Après la manifestation du 2 juin, sa première réaction – qui fut aussi la première de l’exécutif – a été de féliciter ses troupes « pour leur maîtrise et leur sang-froid »Un tweet, qui de l’aveu même de certains autres membres du gouvernement, n’était franchement pas à la hauteur des événements. Le lendemain, sur Sud Radio, le ministre de l’agriculture Didier Guillaume a d’ailleurs désavoué son collègue en saluant un « incroyable » rassemblement. « Il y a un malaise », a également reconnu le secrétaire d’État auprès du ministre de l’éducation nationale et de la jeunesse, Gabriel Attal.

À l’Élysée, où l’on admet que « 20 000 personnes sur des événements qui sont anciens [la mort d’Adama Traoré, en juillet 2016 – ndlr], ça ne passe pas inaperçu », le mot d’ordre reste le même : la gestion de la crise sanitaire est la seule « priorité » du moment. Redoutant d’affronter de nouvelles contestations et sachant qu’il aura bien du mal à les surmonter, le pouvoir redouble d’efforts pour éviter la comparaison avec les États-Unis. « Je crois que la situation de nos deux pays n’est pas tout à fait comparable. Ni sur le plan de l’histoire, ni sur le plan de l’organisation de la société », a fait valoir la porte-parole du gouvernement Sibeth Ndiaye, à l’issue du conseil des ministres du 3 juin.

Mais pour certains membres de la majorité, il est déjà trop tard. « Je pense que c’est un sujet qui va monter très fort, affirme un député La République en marche (LREM). On ne peut pas rester sans rien faire, on doit pouvoir entendre cette colère. » Se retrancher derrière les enquêtes confiées à l’Inspection générale de la police nationale (IGPN) ne suffit plus. « Il faut cesser le déni, la violence policière est une réalité »plaide le chef de file de La France insoumise (LFI) Jean-Luc Mélenchon, qualifiant l’IGPN de « triste comédie » et pointant la responsabilité « absolue » de Christophe Castaner.

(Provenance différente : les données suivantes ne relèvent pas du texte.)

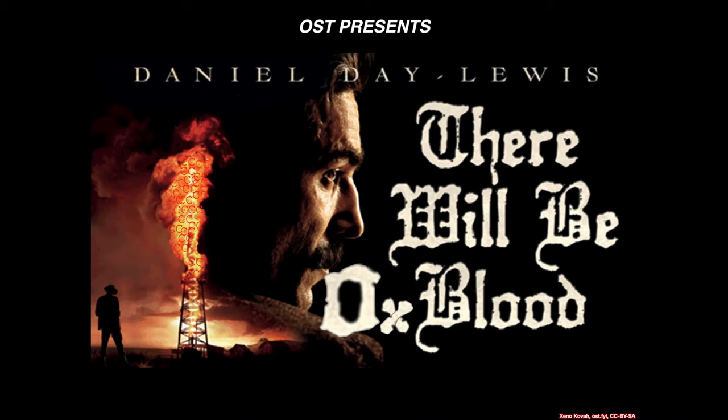We now enter the more cinematic portion of this class. As OST presents Daniel Day-Lewis in There Will Be Hex Blood.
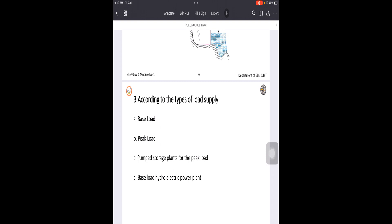For example, during summer evenings, compared to daytime, we require more load at home because everybody is back from the office. We want the AC and fans running continuously. When we calculate all the loads running in parallel, an individual house consumes more power than the average base load. During those periods, pumped storage plants can be utilized for the additional demand created. This is how the classification of hydroelectric power plants is done.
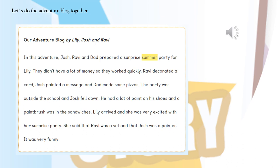In this adventure, Josh, Ravi and Dad prepared a surprise birthday party for Lily. They didn't have a lot of time, so they worked quickly. Ravi decorated a cake. Josh painted a message and Dad made some sandwiches. The party was outside the lighthouse and Josh fell down. He had a lot of paint on his clothes and a paintbrush was in the cake. Lily arrived and she was very excited with her surprise party. She said that Ravi was a cook and that Josh was a painter. It was very funny.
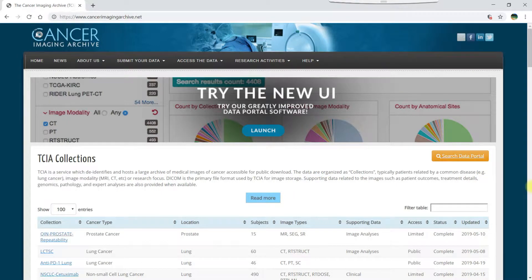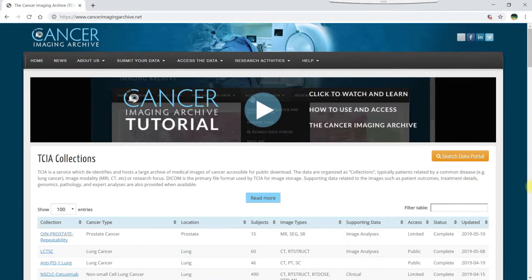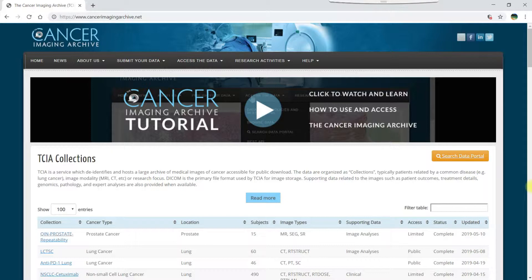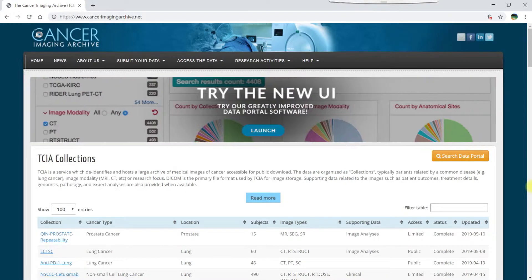Welcome to this video tutorial on how to search for DICOM data in the TCIA data portal. Let's start on the TCIA homepage at cancerimagingarchive.net.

« Ce que je ne comprends pas, c’est qu’on ne mette pas en cause la hiérarchie policière quand il y a de manière évidente un problème, soulignait déjà le candidat Emmanuel Macron le 5 mai 2017Donc, il faut qu’il y ait des procédures judiciaires, mais il faut ensuite qu’il y ait une responsabilité policière et administrative quand il y a des comportements déviants. » C’est pourtant le même homme qui, trois ans plus tard, continue de maintenir en poste le préfet Lallement, dont les pratiques sont jugées « légalement douteuses » par de hauts responsables de la gendarmerie.

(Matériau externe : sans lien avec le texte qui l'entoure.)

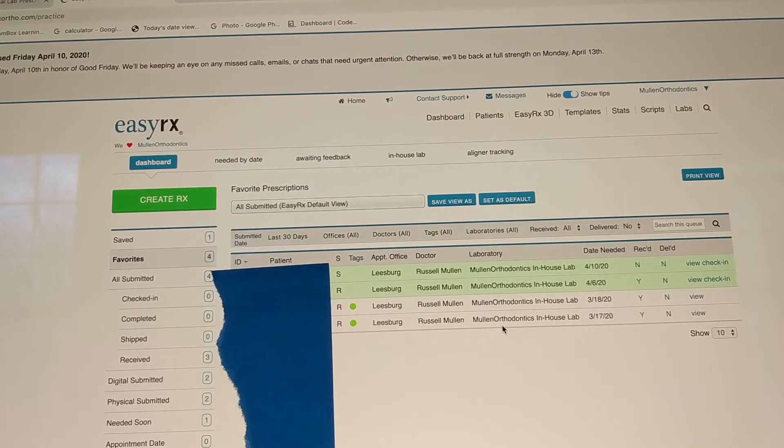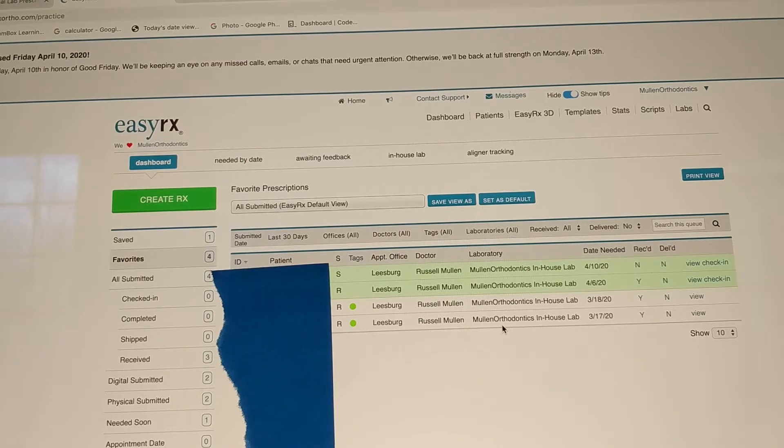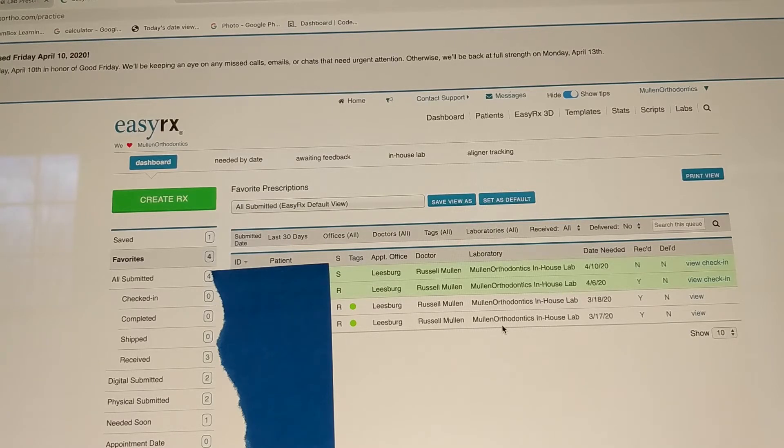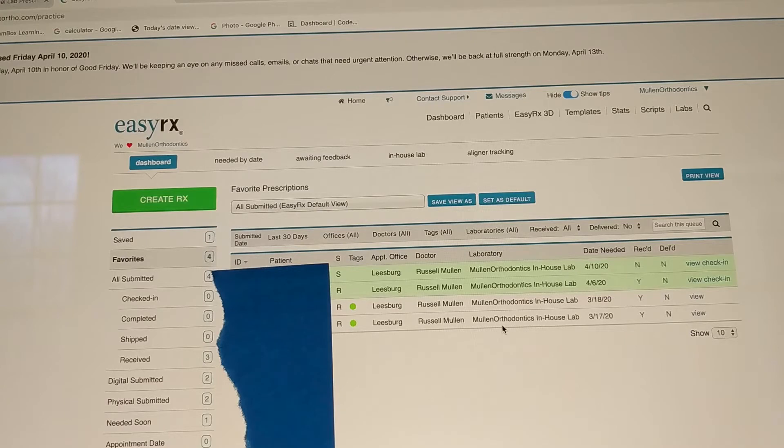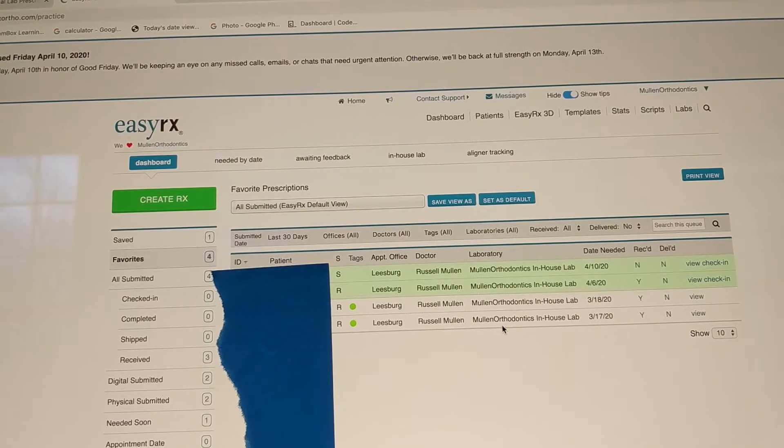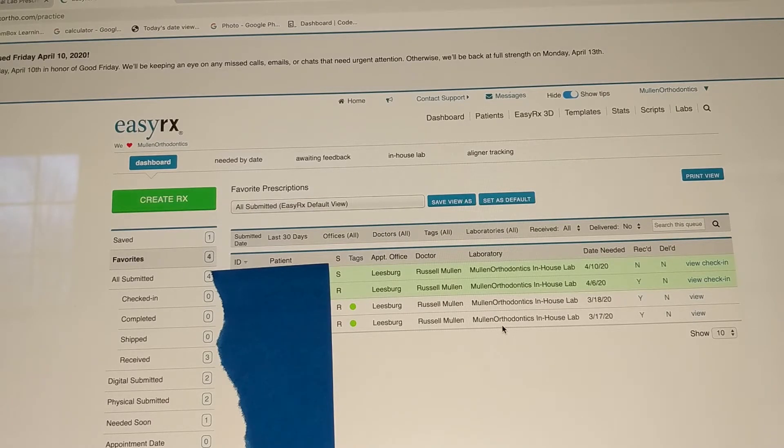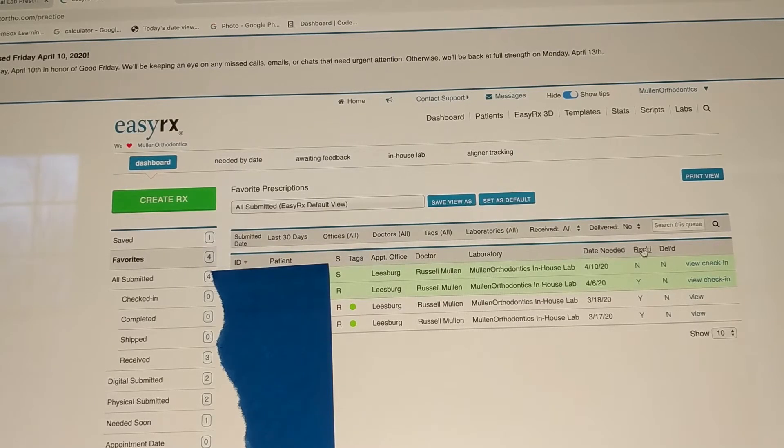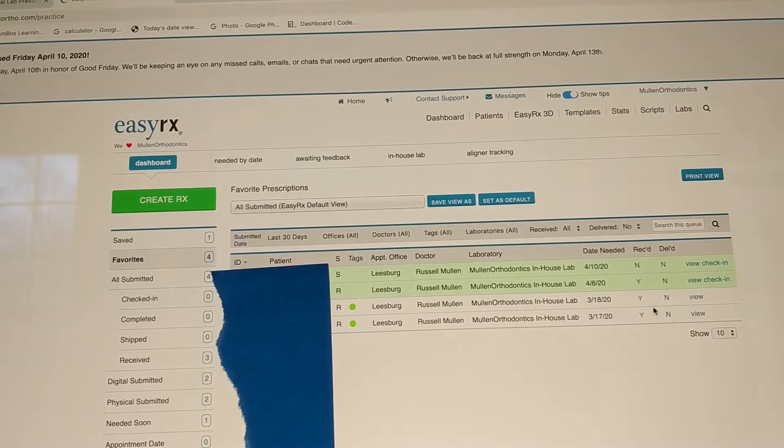So this is where all of these happen to be Mullin Orthodontics in-house lab. But we use a bunch of other labs, which is very easy to link up with EZRX. So for instance, Acutech, AOA, our local lab is also on here. It's kind of a one-man show. Shannon is awesome. But he uses it too. So quite a few people use EZRX. It's a very popular platform. And then just these are some tags, whether the appliance has been received and whether it's been delivered to the patient.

Alors que le programme présidentiel d’En Marche! prônait un rapprochement entre la police et la population, nombreux sont ceux à reconnaître que la situation s’est dégradée depuis le début du quinquennat et singulièrement depuis la crise des gilets jaunes. La doctrine de maintien de l’ordre adoptée sous le mandat d’Emmanuel Macron a d’ailleurs poussé une partie de ses soutiens de 2017 à prendre le large. « Ce n’est plus tellement ma fibre politique, confiait au mois de février son ancienne plume Quentin Lafay. Toutes les questions de violences policières… Je suis extrêmement mal à l’aise. »

 

Si la gêne est palpable, c’est d’abord parce qu’elle vient confirmer que l’histoire racontée il y a trois ans était une fable. Très tôt, le chef de l’État a prouvé que le renouvellement générationnel n’était pas un gage de renouvellement de pensée politique. La position de surplomb, adoptée par l’exécutif dès les premières manifestations, avait en effet révélé en filigrane une vision classique de la société, où les alternatives sont encouragées à condition qu’elles respectent le cadre fixé par le pouvoir. La gestion de toutes les mobilisations sociales qui ont suivi a entériné ce constat.

Dimanche, le ministère de l’intérieur a rendu publique une étude commandée en avril 2019, dans le cadre de la mise en œuvre de « la police de sécurité du quotidien ». Ses résultats tombent à point nommé puisque, selon les chercheurs de l’université Savoie Mont-Blanc qui l’ont menée, 84,9 % des Français ont une bonne image des policiers et des gendarmes. L’exécutif va donc pouvoir s’appuyer sur ces pourcentages pour parfaire ses éléments de langage. Et continuer ainsi à faire l’autruche sur un sujet qui a toutes les chances de marquer le quinquennat d’une trace indélébile.